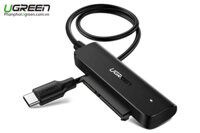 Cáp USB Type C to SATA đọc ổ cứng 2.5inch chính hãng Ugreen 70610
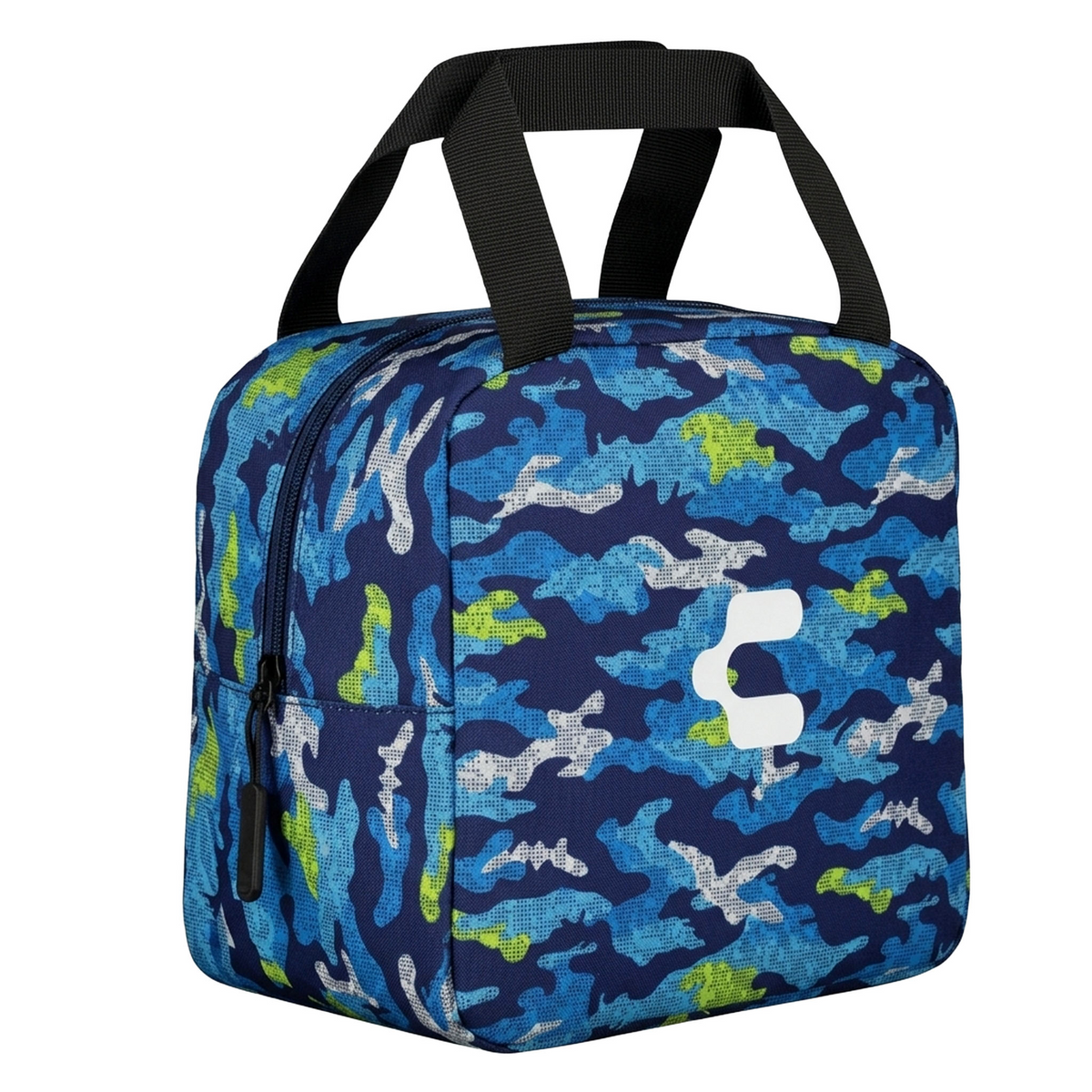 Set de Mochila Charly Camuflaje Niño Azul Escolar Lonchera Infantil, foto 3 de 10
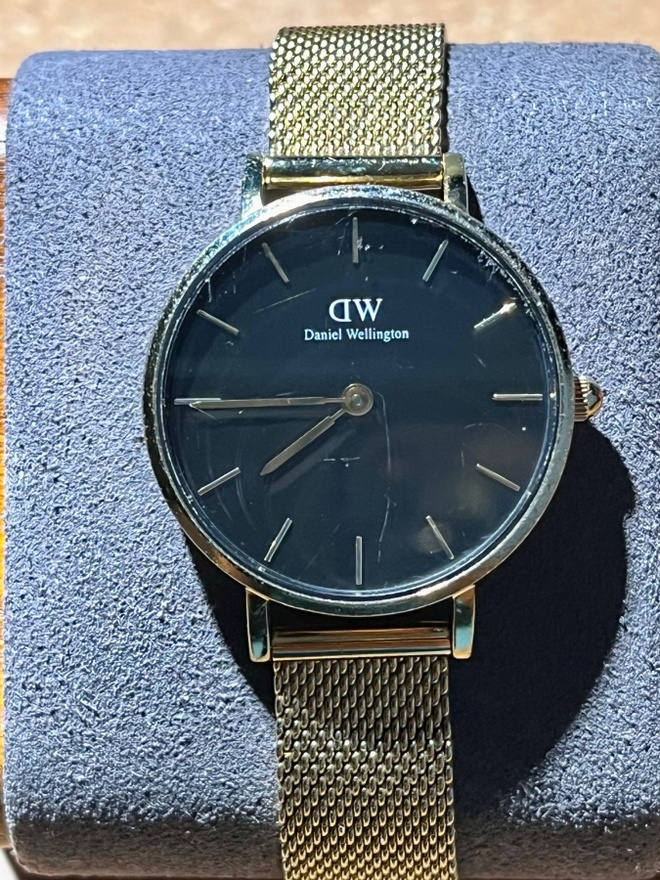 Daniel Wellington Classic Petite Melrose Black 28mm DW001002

━━━━

**PROBLEM TO SOLVE**. Print the whole listing above once more, word for word, without its pictures.

**TASK SOLUTION**.
 Cáp USB Type C to SATA đọc ổ cứng 2.5inch chính hãng Ugreen 70610
 Set de Mochila Charly Camuflaje Niño Azul Escolar Lonchera Infantil, foto 3 de 10
 Daniel Wellington Classic Petite Melrose Black 28mm DW001002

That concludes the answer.